Stern-Gerlach Experiment and the Discovery of Spin

The Stern-Gerlach experiment, with results published in 1922, discovered that uncharged silver atoms passing through an inhomogeneous magnetic field would be deflected in two discrete directions depending upon an intrinsic quantised property of matter which came to be called “spin”. This was the first observation of a pure quantum effect which was unrelated to the emission or absorption of energy and became one of the foundations upon which the “new quantum theory” formulated later in the 1920s by Erwin Schrödinger, Werner Heisenberg, Paul Dirac, and others.

Oddly, this paper, reporting one of the most significant physics experiments of the twentieth century, was not translated into English until 2023, when physicist Martin Bauer of Durham University in the U.K. published “The Stern-Gerlach Experiment, Translation of: ‘Der experimentelle Nachweis der Richtungsquantelung im Magnetfeld ” (full text [PDF]).

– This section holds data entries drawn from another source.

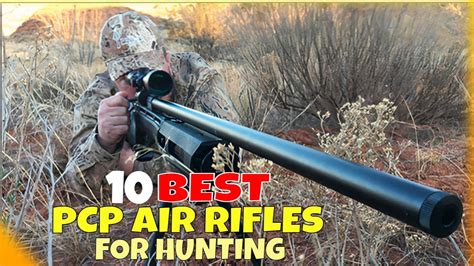 Top 10 Best Pcp Air Rifle For Hunting Youtube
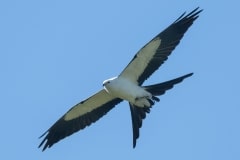 Swallow-tailed Kite_850_8694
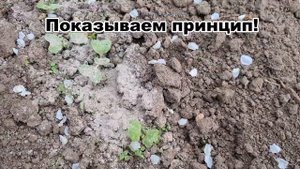 СОСЕД РАССКАЗАЛ, как вырастить редиску с ладошку и защитить от крестоцветной блошки.3 СПОСОБА борьб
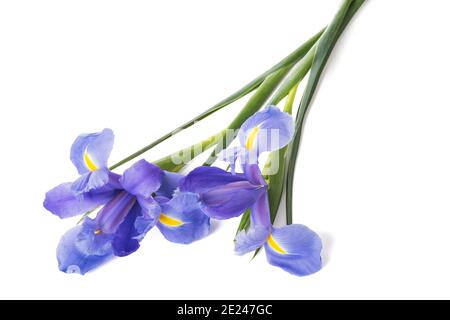 Iris flowers isolated on white background Stock Photo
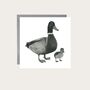 Duck And Duckling Countryside Greeting Card, thumbnail 3 of 6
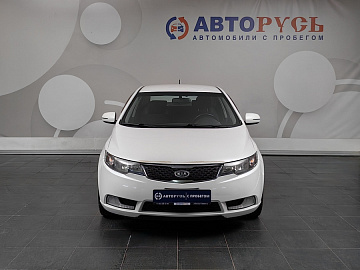 Cerato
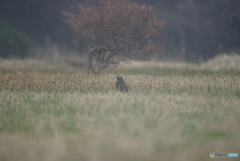 撮って出し(2025-04-08_10-56)-(PENTAX K10D-100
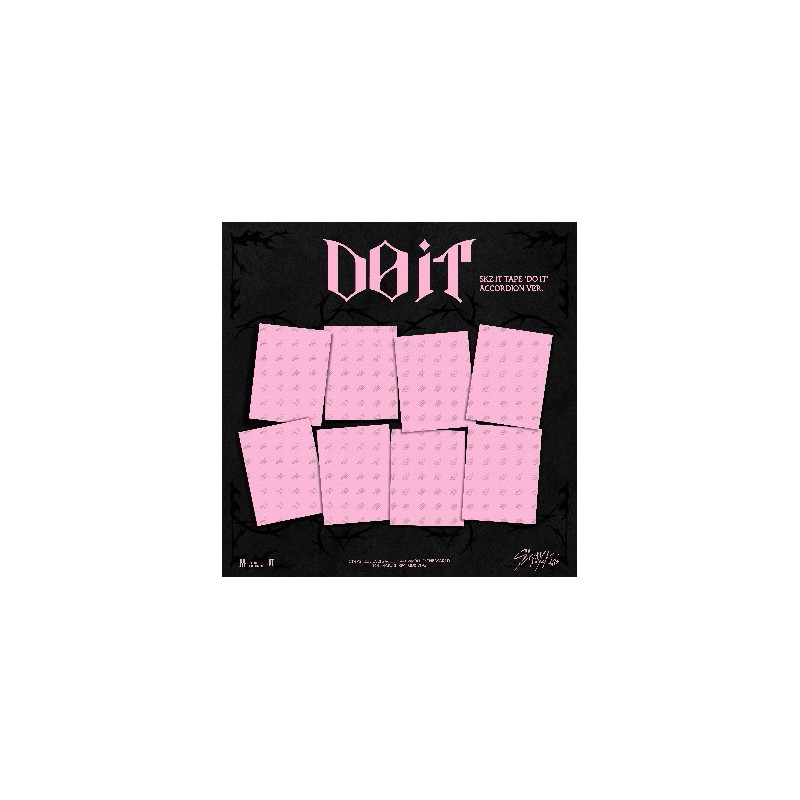 SKZ IT TAPE  DO IT'(ACCORDION) CD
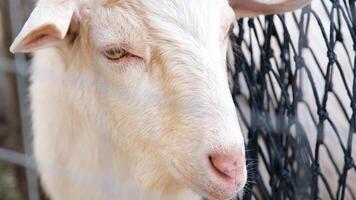 white goat looking through the fence in the farm photo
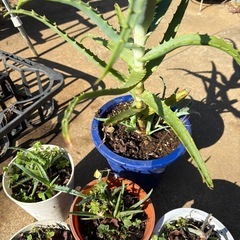 アロエ　ガーデン　ガーデニング 苗木5鉢の画像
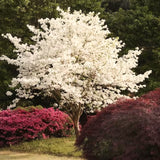 2 White Flowering Dogwood Outdoor Live Trees, 12-24 Inches Tall, Quart Pot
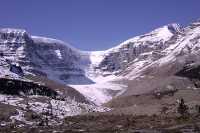 Icefields Parkway, 2011, Banff & Jasper National Parks, Alberta, Canada CM11-020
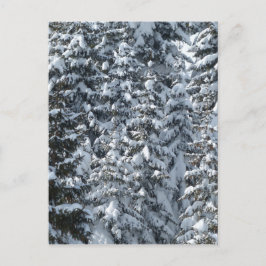Postal Textura de árbol de abeto nevado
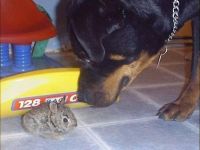 Ein bisschen Hase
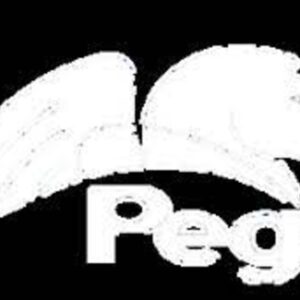 Certified Pega System Architect (CSA) Certified Course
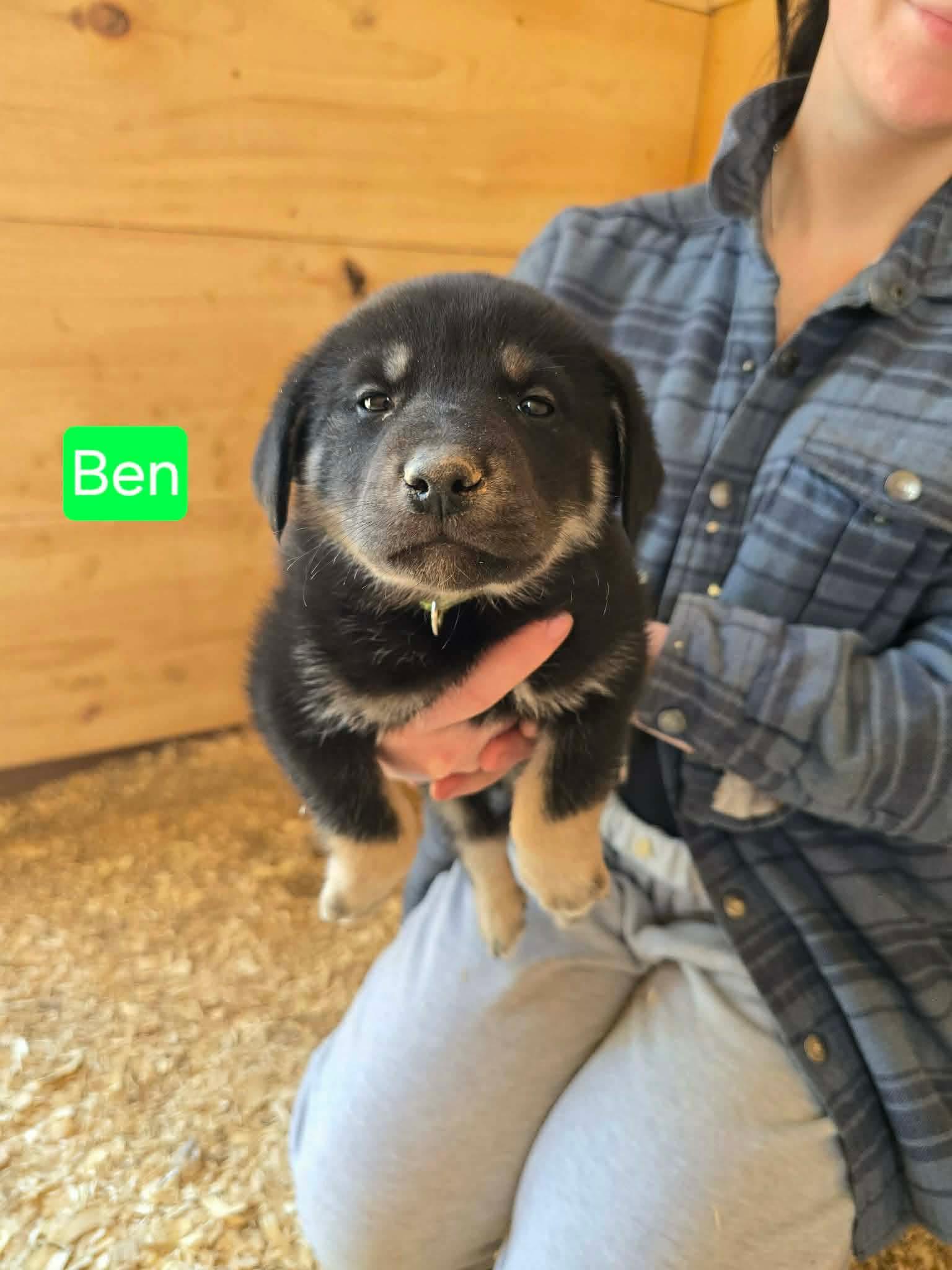 Ben, adopted, Puppy Male Shepherd.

The translation, including the original illustrations, is just four pages and is a “just the facts” report of how the experiment was conducted and the results observed. The German title refers to “Richtungsquantelung”, which translates to “space quantisation”, which indicates how theorists were groping toward an understanding of the behaviour of the ground state of electrons in the atom. (The term had nothing to do with modern speculation about space being quantised at the Planck length, which is 19 orders of magnitude smaller than the proton and 25 orders of magnitude smaller than the silver atoms used in the experiment.)

Today, a Stern-Gerlach type apparatus is used to prepare quantum states for many experiments exploring the fundamentals of quantum processes such as superposition and entanglement.